Cuma, Ağustos 26, 2011

Olgu Sunumu

Olgu: İpek'ten
Tarih: 26.08.2011
Saat: 04.30 suları
Olay yeri: Nöbet odası

Yaklaşık 23 saat uykusuzluk ve ne yapacağını bilememe durumları.
Aşırı yorgunluk, yoğun uyuma isteği.
Meslek seçimindeki ılımlı pişmanlık duyguları, ah'lar vah'lar.
Kafayı vuracak uygun bir duvar bulma çabaları.
İş işten geçmişlik...
Bor'un pazarını geçip, eşeği Niğde'ye sürme çırpınışları :)
Odadaki telefona karşı hostile duygular, telefona zarar verme isteği :)

Sonuç: Olgunun en az 21 gün süre ile bulunduğu ortamdan uzaklaştırılmasının, yeterli gelmezse sürenin uzatılmasının, bu konuda kendisine mümkün olduğunca kolaylık sağlanmasının uygun olduğu kanaatine varılmıştır.
Durumu bildirir kesin rapordur.

(Not: Lütfen amaaaa lütfen tatil yapayıımm artıkınnnn)


Perşembe, Ağustos 18, 2011

Sehven

Sehven söylenen sözler, sehven gören gözler, sehven gülen yüzler...
Sehven hissedilen mutluluklar, sehven yaşanan hayatlar...

Belki de en kötüsüdür, sehven büyüttüğün umutlar...

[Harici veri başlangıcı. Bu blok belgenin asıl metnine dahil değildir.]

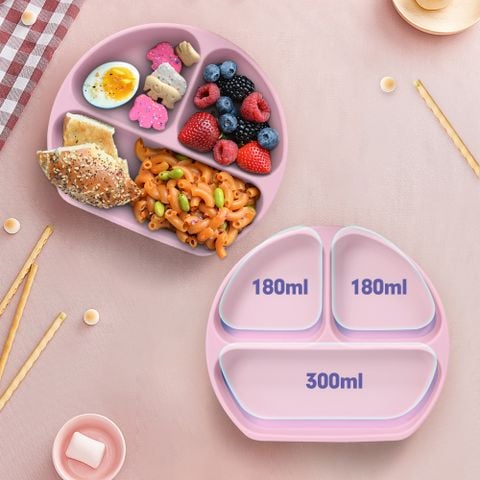  Miracle Baby - Khay ăn dặm Silicon cho bé từ 5 tháng tuổi có đế hít chống trượt, Khay ăn dặm Silicone cho bé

Bir çekirdektir, atarsın içine. En derinine..
Toz kaplar üzerini, bir süre sonra tamamen görünmez olur.
Kim ne derse desin, senindir o, sadece senin.
Görünmez ama bilirsin oradadır. Bilirsin büyüyecektir.
Beslersin, beslemek istersin delice, fütursuzca..
Ondan gelecek en küçük ışığı gözlersin alacakaranlık bir hayal içinde.
Yol olsun istersin sana, güç olsun, ateşlesin istersin tüm yetilerini.

İnanırsın..

Bir gün kocaman olacağına ve seni tümden kucaklayacağına inanırsın.
O gün hayatının ta kendisi olacaktır yıllarca koruduğun o küçük nüve...
Yaz akşamları gökyüzünde kayan yıldızdır o senin için.
Yeni ay'ın çıktığını ilk gördüğün anda gülümseyerek içinden geçirdiğindir.
Dört yapraklı yoncandır, bulmaya bile kıyamadığın..
Geceleri gördüğün rüya, her akşam ettiğin dua'ndır.
Bir dalına gönlünü yazıp bağladığın gül ağacındır.

Orada tutarsın onu hep, en derininde..

Tutarsın... Tutarsın da gün gelir, çıkıp gidiverir kendiliğinden.
Birden yıldızlar yerinde çakılır kalır.
Yeni ay hiç görünmez oluverir..
Biri kulağına fısıldar: '' şşşşttt baksana, yonca yok... ''

İnanmazsın..

Gönlünü bağladığın yere gidersin can hıraş..
Ama, ne gülünü görebilirsin, ne ağacını, ne de gönlünü...
Sehven büyüttüğün umudun, ''acı bir gerçek'' koyup bırakmıştır yerine. Hem de senin yerine. En derinine...

Sen mi?
Sehven yaşadığını öğrendiğin, sana ait olmayan grilerle boyanmış, kurgulanmış hayatınla başbaşa kalırsın...
Yeni ve gerçek umudunun çekirdeğini bulana kadar...

18.08.2011/ ipek




 




Pazar, Ağustos 07, 2011

Duydunuz Zilin Sesini

Kitap canavarları, bir kitabın daha sonuna gelmiş durumdayım. Dün başladım, az önce bitirdim sööölemesi ayıptır.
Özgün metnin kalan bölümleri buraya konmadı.